Cuenta que María recuerda la visita donde fue a pasear con sus tíos y los militares allanaron el hogar de su padre hasta el destrozo. Judith expone con gran oratoria y aporta que hacía frío el día del allanamiento ilegal, que fue en julio de 1976. El exilio al año siguiente fue inevitable y no regresaron hasta 1984. En su calidad de testigo, Judith celebra la instancia declaratoria, aunque cuestiona: “Tardamos mucho”. Un cálido aplauso la abraza al final de su testimonio, luego de la lectura de una carta de Mario y de un pedido de militancia sin riesgo de muerte por parte de las fuerzas armadas.

¿Quién fue Mario Bordesio?

María Bordesio jura que dirá la verdad.
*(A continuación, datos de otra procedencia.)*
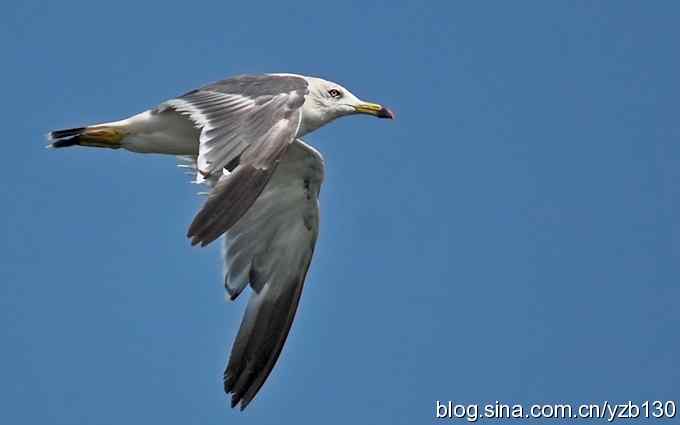 打到一只杓鹬,高兴ing鈥︹Γㄗ橥迹 打到一只杓鹬,高兴ing鈥︹Γㄗ橥迹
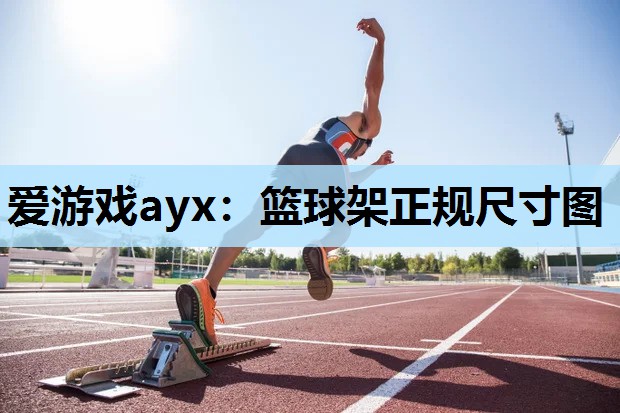 篮球架正规尺寸图 篮球架正规尺寸图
La genealogía de víctimas directas de la dictadura en su familia abarca a su padre, sus tíos Alberto y Eduardo Said, el padre de su hermano materno y Claudia, tía política. También enuncia el secuestro con devolución de su hermano menor y el de un primo. Declara con paciencia, tiene sentido del humor. Describe a su papá como “una persona comunicativa, amistosa y solidaria”. Para ella, Mario fue un padre presente. Después de la separación con Judith, se quedó en Rosario y ellas se fueron a Buenos Aires; él era capaz de tomarse un tren por cuatro horas para verla quince minutos en un bar porteño. Lo considera un tipo sensible y valioso que perseguía con justicia el bienestar popular, que peleaba para ser más libre y para “tener más derechos y menos esclavitud”.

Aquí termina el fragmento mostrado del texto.